→ **AIM OF THE EXERCISE**:
When you write out the listing, keep every word as it stands and drop the pictures.

→ **DATASET CONTENT**:
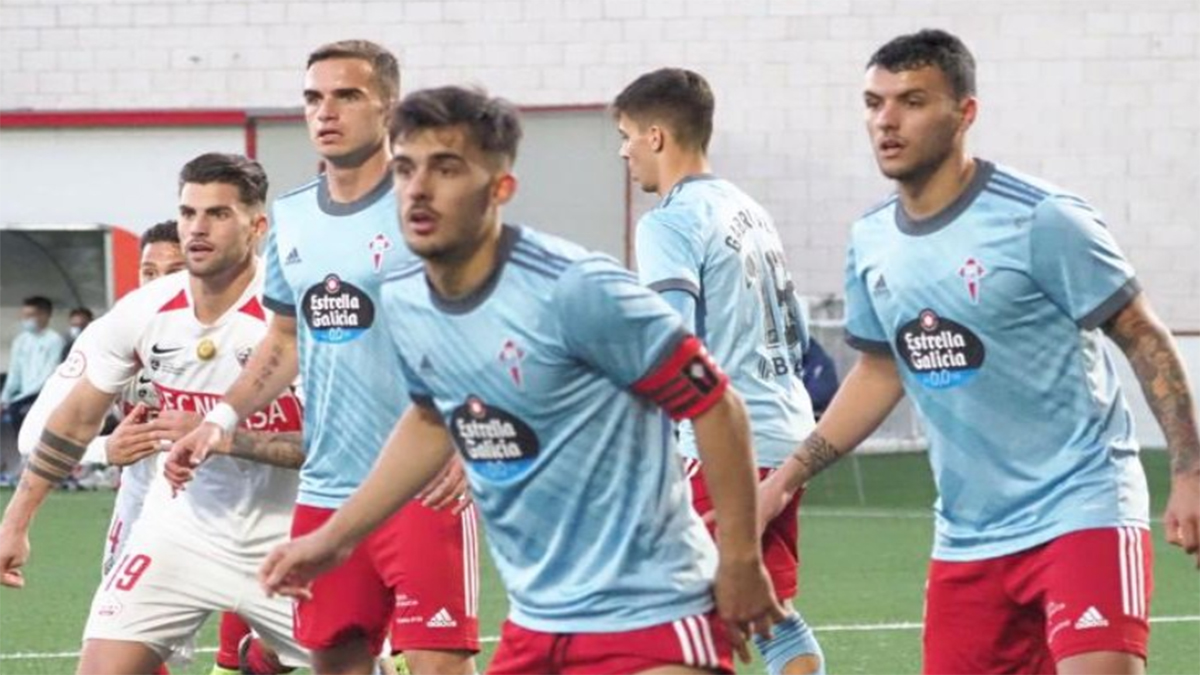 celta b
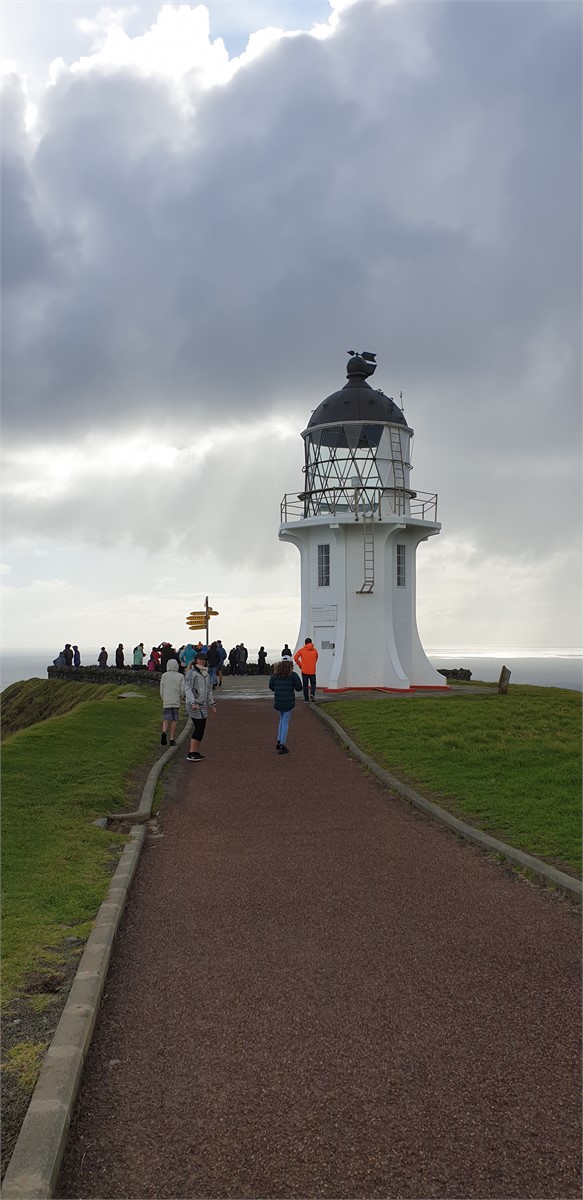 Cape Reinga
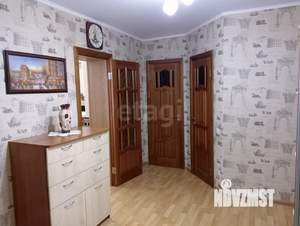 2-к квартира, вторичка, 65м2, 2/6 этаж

→ **SOLUTION BELOW**:
 celta b
 Cape Reinga
 2-к квартира, вторичка, 65м2, 2/6 этаж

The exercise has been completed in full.